EXERCISE DETAILS ->
Each line that contains the word "Book" is to be copied from the records below.
━━━━
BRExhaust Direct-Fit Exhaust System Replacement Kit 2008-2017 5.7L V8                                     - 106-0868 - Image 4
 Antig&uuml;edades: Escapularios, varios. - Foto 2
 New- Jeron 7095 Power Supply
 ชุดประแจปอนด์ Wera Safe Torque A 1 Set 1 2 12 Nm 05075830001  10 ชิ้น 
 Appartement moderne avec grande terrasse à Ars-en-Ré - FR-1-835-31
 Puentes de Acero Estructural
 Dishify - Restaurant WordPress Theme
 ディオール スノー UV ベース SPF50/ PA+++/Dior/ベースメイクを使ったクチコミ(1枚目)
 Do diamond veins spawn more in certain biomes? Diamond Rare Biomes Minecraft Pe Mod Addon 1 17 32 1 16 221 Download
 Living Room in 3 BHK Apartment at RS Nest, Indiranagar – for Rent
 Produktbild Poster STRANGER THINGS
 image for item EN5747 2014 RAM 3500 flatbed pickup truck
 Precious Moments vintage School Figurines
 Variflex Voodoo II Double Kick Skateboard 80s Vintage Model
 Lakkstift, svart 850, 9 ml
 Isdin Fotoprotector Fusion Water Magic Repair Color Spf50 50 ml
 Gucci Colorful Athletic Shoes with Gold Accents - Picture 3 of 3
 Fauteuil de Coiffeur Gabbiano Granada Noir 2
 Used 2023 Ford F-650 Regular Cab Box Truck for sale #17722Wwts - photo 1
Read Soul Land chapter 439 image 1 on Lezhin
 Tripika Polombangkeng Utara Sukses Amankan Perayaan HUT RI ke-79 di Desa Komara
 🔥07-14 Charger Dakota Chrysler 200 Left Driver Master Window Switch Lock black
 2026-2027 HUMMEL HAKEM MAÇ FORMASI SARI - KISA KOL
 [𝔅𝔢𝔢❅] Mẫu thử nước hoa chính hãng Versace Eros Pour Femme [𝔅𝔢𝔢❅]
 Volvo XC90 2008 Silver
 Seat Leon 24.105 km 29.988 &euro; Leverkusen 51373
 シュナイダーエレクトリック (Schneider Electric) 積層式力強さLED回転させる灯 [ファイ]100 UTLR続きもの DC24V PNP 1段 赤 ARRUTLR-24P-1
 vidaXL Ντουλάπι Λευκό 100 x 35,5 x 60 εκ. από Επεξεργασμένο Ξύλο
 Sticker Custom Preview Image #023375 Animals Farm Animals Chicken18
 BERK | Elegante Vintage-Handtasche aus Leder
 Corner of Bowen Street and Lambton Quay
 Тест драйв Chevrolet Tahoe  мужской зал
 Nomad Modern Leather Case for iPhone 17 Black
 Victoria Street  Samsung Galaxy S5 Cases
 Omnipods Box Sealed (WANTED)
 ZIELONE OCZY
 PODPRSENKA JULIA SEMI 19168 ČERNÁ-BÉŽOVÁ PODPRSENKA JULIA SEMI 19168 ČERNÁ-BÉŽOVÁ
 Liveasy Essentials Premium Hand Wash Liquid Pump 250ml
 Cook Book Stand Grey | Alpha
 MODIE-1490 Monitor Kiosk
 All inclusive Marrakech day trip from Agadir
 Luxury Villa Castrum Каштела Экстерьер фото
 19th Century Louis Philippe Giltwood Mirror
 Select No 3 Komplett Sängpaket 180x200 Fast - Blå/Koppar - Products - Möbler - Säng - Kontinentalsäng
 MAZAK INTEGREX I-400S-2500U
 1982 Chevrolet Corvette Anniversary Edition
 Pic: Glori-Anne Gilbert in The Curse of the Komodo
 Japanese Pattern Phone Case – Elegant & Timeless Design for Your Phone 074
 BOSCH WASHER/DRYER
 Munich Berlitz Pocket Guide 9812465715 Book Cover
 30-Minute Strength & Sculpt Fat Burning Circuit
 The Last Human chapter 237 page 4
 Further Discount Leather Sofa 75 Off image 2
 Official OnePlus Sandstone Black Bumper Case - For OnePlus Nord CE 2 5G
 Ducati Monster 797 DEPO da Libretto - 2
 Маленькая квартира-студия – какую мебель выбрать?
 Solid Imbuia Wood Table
━━━━
RESULT OF THE TASK ->
 Cook Book Stand Grey | Alpha
 Munich Berlitz Pocket Guide 9812465715 Book Cover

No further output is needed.